[[ Exercise input open ]]
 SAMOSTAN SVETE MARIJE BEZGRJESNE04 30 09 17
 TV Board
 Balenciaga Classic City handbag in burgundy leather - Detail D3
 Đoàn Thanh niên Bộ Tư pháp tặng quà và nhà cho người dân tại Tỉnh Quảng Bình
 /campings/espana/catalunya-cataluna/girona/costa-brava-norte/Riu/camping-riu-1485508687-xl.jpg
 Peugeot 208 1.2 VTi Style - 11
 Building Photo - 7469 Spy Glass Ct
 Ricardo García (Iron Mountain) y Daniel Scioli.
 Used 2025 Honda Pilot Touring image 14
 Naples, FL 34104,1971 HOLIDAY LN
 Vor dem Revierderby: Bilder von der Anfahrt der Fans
[[ Exercise input closed ]]
Action item -> Every entry should be printed again exactly as it stands.

Answer space ->
 SAMOSTAN SVETE MARIJE BEZGRJESNE04 30 09 17
 TV Board
 Balenciaga Classic City handbag in burgundy leather - Detail D3
 Đoàn Thanh niên Bộ Tư pháp tặng quà và nhà cho người dân tại Tỉnh Quảng Bình
 /campings/espana/catalunya-cataluna/girona/costa-brava-norte/Riu/camping-riu-1485508687-xl.jpg
 Peugeot 208 1.2 VTi Style - 11
 Building Photo - 7469 Spy Glass Ct
 Ricardo García (Iron Mountain) y Daniel Scioli.
 Used 2025 Honda Pilot Touring image 14
 Naples, FL 34104,1971 HOLIDAY LN
 Vor dem Revierderby: Bilder von der Anfahrt der Fans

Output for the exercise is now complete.